In order for schools to determine the success of their marketing strategy, they need first to find out how many prospects discover their school and which channels they use to do so. This information can be accessed through GA4’s acquisition reports.

Once schools are on their GA4 dashboards, they can navigate to the left-hand menu and click “Acquisitions” under “Life Cycle” in the Reports section. There are two types of reports that schools can concern themselves with: the User Acquisition Report and the Traffic Acquisition Report. Both of these reports can give you more insight into your prospects’ enrollment journey, particularly at the awareness stage. You can learn how prospects first interact with your school, allowing you to identify where your school excels and where you can expand your efforts. 

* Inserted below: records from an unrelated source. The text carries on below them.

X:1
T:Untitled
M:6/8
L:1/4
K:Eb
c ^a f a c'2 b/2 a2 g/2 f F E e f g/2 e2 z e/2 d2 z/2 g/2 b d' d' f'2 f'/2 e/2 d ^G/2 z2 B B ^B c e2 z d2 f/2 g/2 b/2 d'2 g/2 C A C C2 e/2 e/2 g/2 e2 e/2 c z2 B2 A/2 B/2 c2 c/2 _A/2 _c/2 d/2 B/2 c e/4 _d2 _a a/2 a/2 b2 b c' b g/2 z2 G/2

Rely on User Acquisition Reports to Discover How Prospects Find Your School

The User Acquisition Report is used to reveal how new users discover your school website for the first time. You can use the dropdown menu in the table near the end of the report to explore how different aspects of your marketing efforts are attracting students. 

For instance, you can select “first user default channel groups” or “first user medium” to find out which platforms generally pull in the most prospects. The former is the default, and it shows you all the channels that bring in your prospects, not just campaign-related ones. This can be anything from organic and paid social to email and search. If you were to select “first user campaign” instead, you’d be able to see which campaigns were best at drawing your prospects in. 

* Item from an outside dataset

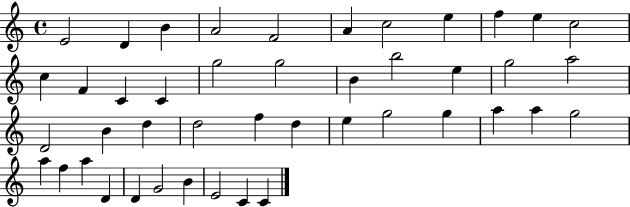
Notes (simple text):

E4/h D4/q B4/q A4/h F4/h A4/q C5/h E5/q F5/q E5/q C5/h C5/q F4/q C4/q C4/q G5/h G5/h B4/q B5/h E5/q G5/h A5/h D4/h B4/q D5/q D5/h F5/q D5/q E5/q G5/h G5/q A5/q A5/q G5/h A5/q F5/q A5/q D4/q D4/q G4/h B4/q E4/h C4/q C4/q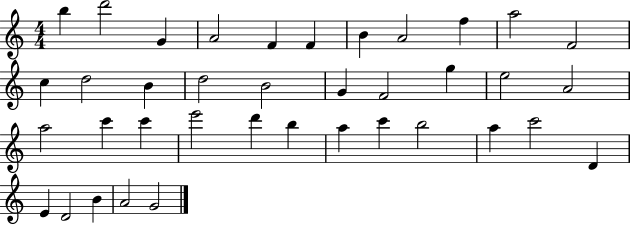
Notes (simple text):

Example: The first image below captures data shown in the “first user default channel group” option, while the second shows the data provided under “first user campaign”:

User Acquisition FUDCG

User Acquisition FUC

This data wasn’t as easily accessible in Google’s Universal Analytics (UA) since that platform focused more heavily on site traffic and sessions—showing total users and not how they first accessed your school website. Being able to view this information after transitioning to GA4 is incredibly important in guiding your school’s top-of-the-funnel content marketing efforts. That’s because it gives you a general idea of how well your marketing activities are appealing to your audience. From there, you can identify new patterns and ways to optimize your current efforts. This makes analytics for schools a reliable way of increasing return on investment.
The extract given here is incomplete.